» **Task to complete**
Reproduce verbatim the lines of the material below, starting at the line with "A modern bathroom" and ending at the line with "Two-story house with", both inclusive; skip the rest.

» **Provided material**
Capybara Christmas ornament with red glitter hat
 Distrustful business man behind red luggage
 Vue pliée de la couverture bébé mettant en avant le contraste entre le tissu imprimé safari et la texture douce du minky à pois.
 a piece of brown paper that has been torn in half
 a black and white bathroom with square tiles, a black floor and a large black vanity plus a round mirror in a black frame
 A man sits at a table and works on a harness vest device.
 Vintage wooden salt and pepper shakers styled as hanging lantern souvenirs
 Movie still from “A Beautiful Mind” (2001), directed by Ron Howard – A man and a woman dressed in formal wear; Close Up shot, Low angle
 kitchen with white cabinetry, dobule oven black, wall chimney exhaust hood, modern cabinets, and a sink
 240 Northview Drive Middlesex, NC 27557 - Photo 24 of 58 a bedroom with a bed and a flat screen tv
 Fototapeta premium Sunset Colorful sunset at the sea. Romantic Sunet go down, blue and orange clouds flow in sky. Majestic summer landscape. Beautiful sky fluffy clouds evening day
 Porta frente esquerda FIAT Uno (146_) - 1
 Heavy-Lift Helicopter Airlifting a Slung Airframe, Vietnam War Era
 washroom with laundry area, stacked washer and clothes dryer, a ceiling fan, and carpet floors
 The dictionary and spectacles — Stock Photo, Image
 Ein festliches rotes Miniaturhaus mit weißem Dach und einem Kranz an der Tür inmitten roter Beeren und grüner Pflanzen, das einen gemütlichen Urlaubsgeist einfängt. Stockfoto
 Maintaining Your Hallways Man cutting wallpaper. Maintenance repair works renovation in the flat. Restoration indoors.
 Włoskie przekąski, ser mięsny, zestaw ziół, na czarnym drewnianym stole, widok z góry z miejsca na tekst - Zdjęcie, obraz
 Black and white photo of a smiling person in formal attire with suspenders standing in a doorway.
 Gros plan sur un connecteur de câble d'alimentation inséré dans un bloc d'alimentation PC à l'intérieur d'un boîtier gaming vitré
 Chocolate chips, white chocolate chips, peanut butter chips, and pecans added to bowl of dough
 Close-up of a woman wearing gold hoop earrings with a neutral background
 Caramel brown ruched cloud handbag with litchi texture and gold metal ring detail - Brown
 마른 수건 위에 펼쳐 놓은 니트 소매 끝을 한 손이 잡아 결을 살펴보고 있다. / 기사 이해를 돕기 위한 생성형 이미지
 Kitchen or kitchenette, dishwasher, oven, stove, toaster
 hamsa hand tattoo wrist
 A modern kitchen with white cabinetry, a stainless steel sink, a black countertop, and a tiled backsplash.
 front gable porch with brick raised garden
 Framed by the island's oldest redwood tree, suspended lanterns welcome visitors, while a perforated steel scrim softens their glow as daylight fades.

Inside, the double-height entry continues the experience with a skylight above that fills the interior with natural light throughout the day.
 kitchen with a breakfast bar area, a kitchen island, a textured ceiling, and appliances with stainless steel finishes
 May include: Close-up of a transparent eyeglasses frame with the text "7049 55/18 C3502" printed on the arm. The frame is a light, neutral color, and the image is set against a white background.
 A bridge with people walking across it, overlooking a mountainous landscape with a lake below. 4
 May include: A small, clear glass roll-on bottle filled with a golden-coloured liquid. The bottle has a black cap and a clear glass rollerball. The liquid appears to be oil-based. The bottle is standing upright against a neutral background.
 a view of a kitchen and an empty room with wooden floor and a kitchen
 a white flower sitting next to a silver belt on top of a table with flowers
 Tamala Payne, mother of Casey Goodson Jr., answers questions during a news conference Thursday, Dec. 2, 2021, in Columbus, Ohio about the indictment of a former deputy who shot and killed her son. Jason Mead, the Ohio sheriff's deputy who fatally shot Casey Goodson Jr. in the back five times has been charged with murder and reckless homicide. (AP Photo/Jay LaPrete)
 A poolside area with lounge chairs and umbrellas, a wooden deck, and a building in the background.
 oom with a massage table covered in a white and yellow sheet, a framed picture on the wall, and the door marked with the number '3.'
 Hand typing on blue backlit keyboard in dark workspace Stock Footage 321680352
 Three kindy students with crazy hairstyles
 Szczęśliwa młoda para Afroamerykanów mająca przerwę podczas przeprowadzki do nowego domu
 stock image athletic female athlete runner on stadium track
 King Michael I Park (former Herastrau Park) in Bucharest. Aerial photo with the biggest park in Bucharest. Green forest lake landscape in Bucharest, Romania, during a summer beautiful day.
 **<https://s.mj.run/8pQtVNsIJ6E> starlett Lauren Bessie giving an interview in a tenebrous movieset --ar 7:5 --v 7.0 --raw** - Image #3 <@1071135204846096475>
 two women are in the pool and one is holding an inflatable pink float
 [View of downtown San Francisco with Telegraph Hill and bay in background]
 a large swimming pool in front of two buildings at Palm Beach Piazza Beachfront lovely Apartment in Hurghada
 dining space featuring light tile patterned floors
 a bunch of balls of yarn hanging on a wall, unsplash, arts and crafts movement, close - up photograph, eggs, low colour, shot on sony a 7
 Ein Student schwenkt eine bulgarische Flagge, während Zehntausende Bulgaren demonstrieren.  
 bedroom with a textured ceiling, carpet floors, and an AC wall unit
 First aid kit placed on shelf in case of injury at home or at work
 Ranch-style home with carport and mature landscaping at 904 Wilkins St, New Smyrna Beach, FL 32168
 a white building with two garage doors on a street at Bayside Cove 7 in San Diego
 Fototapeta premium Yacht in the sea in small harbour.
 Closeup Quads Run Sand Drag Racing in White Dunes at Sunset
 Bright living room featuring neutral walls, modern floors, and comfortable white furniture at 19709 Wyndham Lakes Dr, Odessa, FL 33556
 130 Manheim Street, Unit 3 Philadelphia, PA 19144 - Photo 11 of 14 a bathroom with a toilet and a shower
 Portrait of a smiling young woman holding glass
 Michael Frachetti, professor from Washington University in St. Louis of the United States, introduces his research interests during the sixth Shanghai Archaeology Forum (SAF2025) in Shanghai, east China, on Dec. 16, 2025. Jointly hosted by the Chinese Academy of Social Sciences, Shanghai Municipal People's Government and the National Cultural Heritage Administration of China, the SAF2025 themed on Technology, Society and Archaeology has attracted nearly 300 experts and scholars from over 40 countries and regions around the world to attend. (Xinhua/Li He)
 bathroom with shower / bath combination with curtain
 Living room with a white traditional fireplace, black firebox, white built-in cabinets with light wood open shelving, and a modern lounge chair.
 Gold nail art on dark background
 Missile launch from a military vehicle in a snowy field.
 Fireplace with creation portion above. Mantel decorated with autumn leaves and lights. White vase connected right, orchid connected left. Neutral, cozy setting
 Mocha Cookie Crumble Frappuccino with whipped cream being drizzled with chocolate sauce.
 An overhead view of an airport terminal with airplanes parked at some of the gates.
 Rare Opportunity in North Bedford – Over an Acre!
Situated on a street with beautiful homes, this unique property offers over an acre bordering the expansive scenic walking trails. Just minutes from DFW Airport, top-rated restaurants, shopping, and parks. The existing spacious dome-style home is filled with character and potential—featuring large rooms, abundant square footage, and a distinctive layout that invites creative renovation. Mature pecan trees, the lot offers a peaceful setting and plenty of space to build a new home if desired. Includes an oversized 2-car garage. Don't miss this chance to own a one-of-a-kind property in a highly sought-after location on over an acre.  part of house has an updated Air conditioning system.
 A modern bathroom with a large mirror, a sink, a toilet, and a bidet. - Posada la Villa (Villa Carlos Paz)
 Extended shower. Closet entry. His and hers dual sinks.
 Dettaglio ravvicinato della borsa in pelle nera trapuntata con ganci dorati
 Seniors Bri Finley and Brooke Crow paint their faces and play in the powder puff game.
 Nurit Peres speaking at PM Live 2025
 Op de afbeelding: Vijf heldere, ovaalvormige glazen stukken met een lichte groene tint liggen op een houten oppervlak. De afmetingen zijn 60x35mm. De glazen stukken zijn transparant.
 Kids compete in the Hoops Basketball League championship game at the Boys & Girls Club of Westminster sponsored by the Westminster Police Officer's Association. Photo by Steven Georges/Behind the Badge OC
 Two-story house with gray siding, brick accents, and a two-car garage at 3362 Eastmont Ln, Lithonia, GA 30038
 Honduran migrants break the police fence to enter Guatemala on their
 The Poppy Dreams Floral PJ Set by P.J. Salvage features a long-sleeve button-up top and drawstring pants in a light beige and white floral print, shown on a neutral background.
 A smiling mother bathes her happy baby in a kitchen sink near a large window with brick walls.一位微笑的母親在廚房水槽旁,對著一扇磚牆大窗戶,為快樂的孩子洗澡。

» **Answer for the task**
 A modern bathroom with a large mirror, a sink, a toilet, and a bidet. - Posada la Villa (Villa Carlos Paz)
 Extended shower. Closet entry. His and hers dual sinks.
 Dettaglio ravvicinato della borsa in pelle nera trapuntata con ganci dorati
 Seniors Bri Finley and Brooke Crow paint their faces and play in the powder puff game.
 Nurit Peres speaking at PM Live 2025
 Op de afbeelding: Vijf heldere, ovaalvormige glazen stukken met een lichte groene tint liggen op een houten oppervlak. De afmetingen zijn 60x35mm. De glazen stukken zijn transparant.
 Kids compete in the Hoops Basketball League championship game at the Boys & Girls Club of Westminster sponsored by the Westminster Police Officer's Association. Photo by Steven Georges/Behind the Badge OC
 Two-story house with gray siding, brick accents, and a two-car garage at 3362 Eastmont Ln, Lithonia, GA 30038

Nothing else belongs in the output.